I don’t know why, but though we watched hundreds of beautiful slides and videos, it was the misadventures that most captivated our imaginations. Like trying to make pancakes in a high wind near a sandy beach; makes them a trifle gritty. Or wet socks that slide down around your instep inside your boots during a long portage. Or losing a loaded canoe in the rapids just at dark and wondering all night how bad it’s going to be when you find it.
All of us older paddlers have seen great changes in the rivers of our youth – hydroelectric dams; clear-cutting; roads where once was unbroken forest; recreational development; and in once-stable native villages, television, video games, and drugs. The impact of our culture has been pronounced and fierce in the North, easily overwhelming and destroying traditional native cultures.
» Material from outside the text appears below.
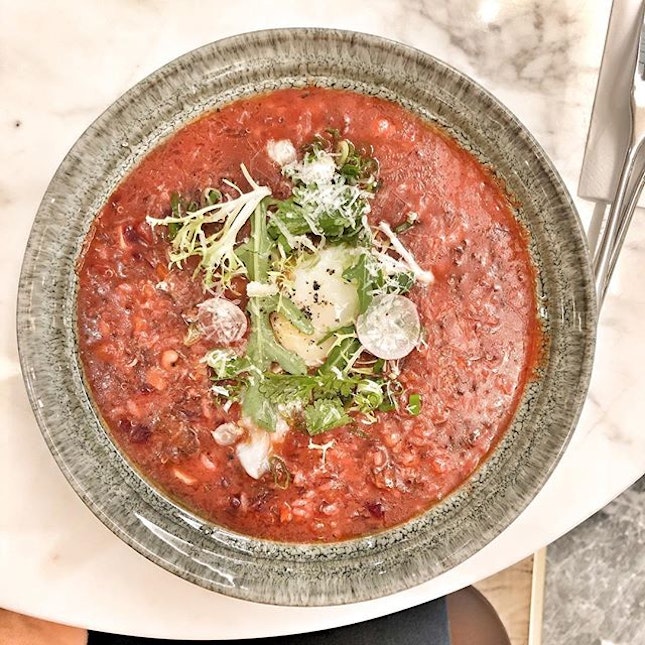 <🇬🇧> Pearl Rice, Brown Rice, Pearl Barley, Kamut, Beetroot, Tomato, Beef Stew, Onsen Egg, Buffalo Mozzarela
•
🥘: Speciality Beef & Tomato Braised Rice - S$28++
📍: @halcyoncrane @paragon.sg Singapore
Some of us feel that, like global warming, our culture will have a greater negative effect in the North than anywhere else. Others see hope in the recent land claims settlements that created homelands administered by native officials. Either way, the great unbroken expanses of northern wilderness are disappearing, and we older paddlers are glad to have seen them before the tide began to turn.
This is Willem Lange up in Etna, New Hampshire, getting back to work, but dreaming of distant rivers.
Willem Lange is a contractor, writer and storyteller who lives in Etna, New Hampshire.